DESCRIPTION OF THE TASK: Beginning with the line that holds "20180529_162640.jpg" and ending with the last line below, please copy every line exactly, add nothing, and leave out the pictures.
[[ GIVEN RECORDS, beginning ]]
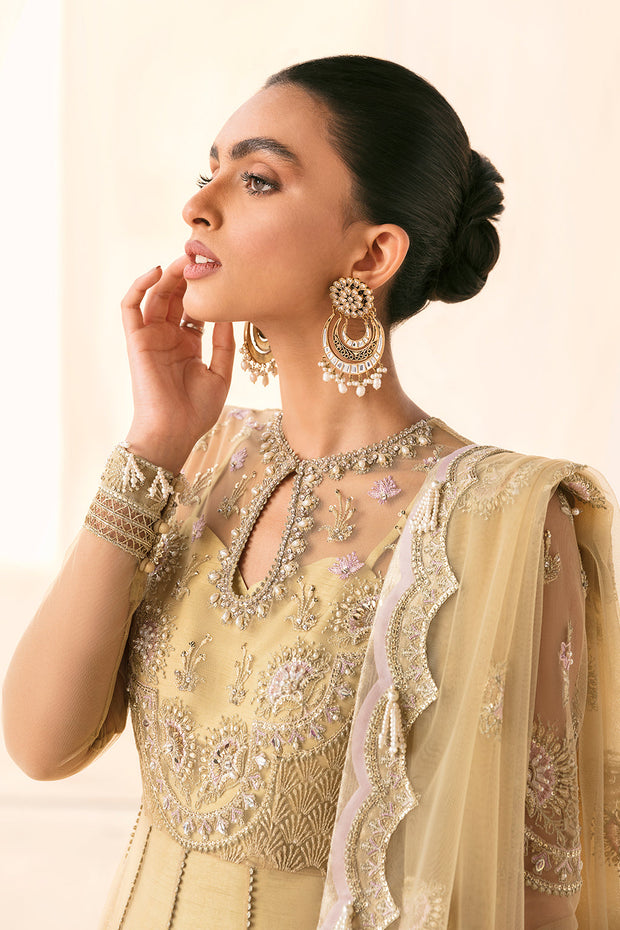 Pakistani Pishwas Dress in Olive Green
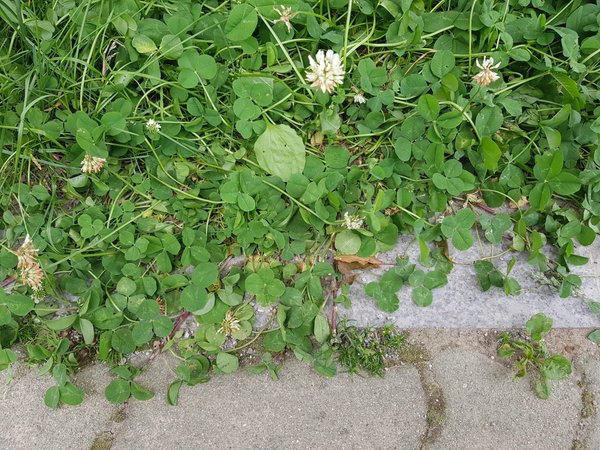 20180529_162640.jpg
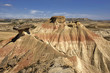 Bardenas Reales 21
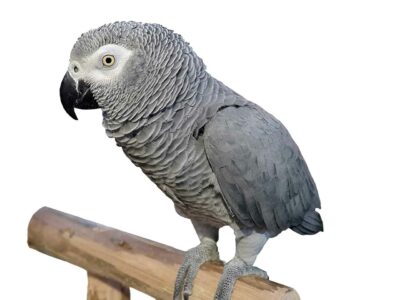 It's an African Grey. Possibly a wizard.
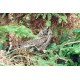 Long Eared Owl Scillies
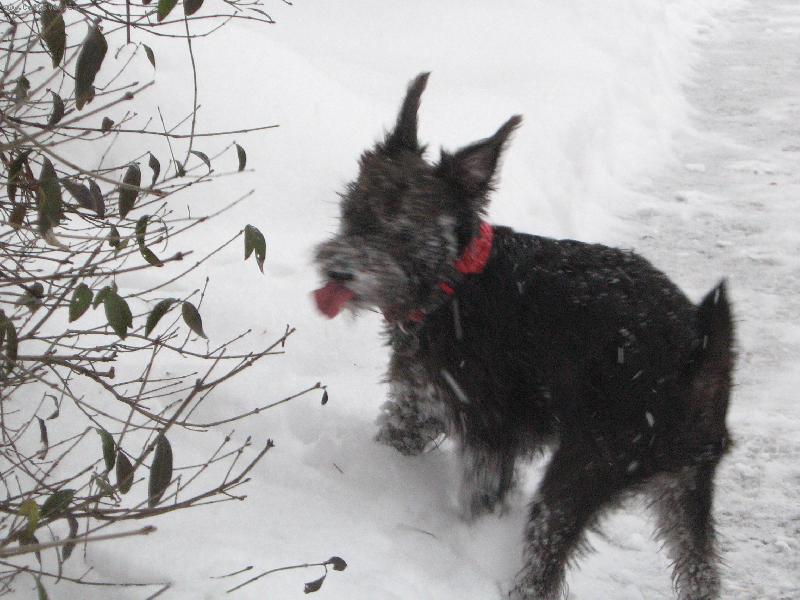 Foto: Kone�n� zima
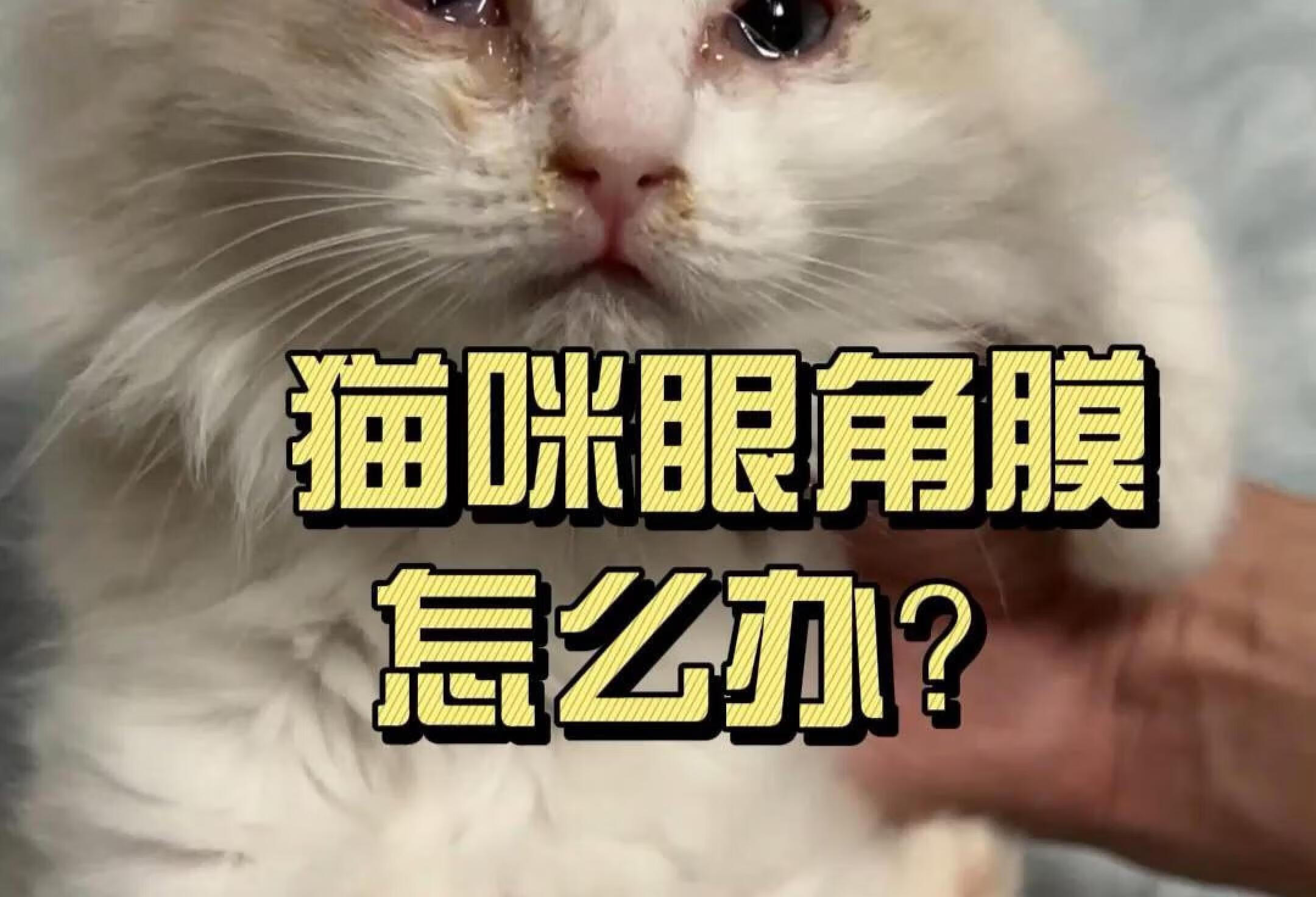 小猫结膜炎怎么办？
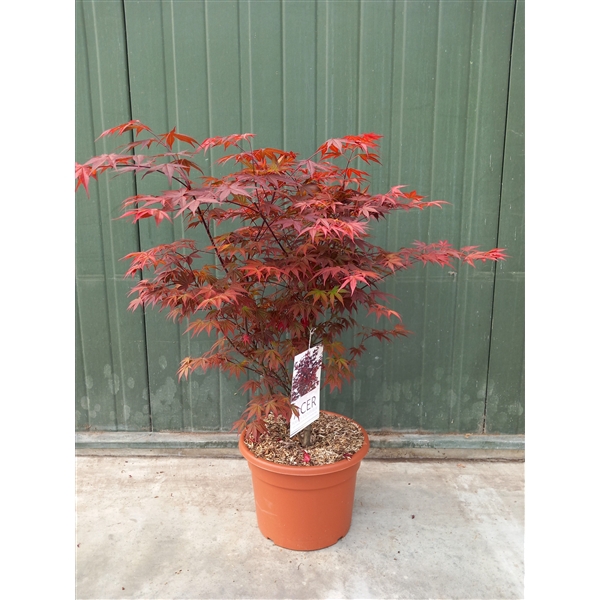 <h4>Acer palmatum Atropurpureum</h4>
[[ GIVEN RECORDS, end ]]
ANSWER TO THIS TASK:
 20180529_162640.jpg
 Bardenas Reales 21
 It's an African Grey. Possibly a wizard.
 Long Eared Owl Scillies
 Foto: Kone�n� zima
 小猫结膜炎怎么办？
 <h4>Acer palmatum Atropurpureum</h4>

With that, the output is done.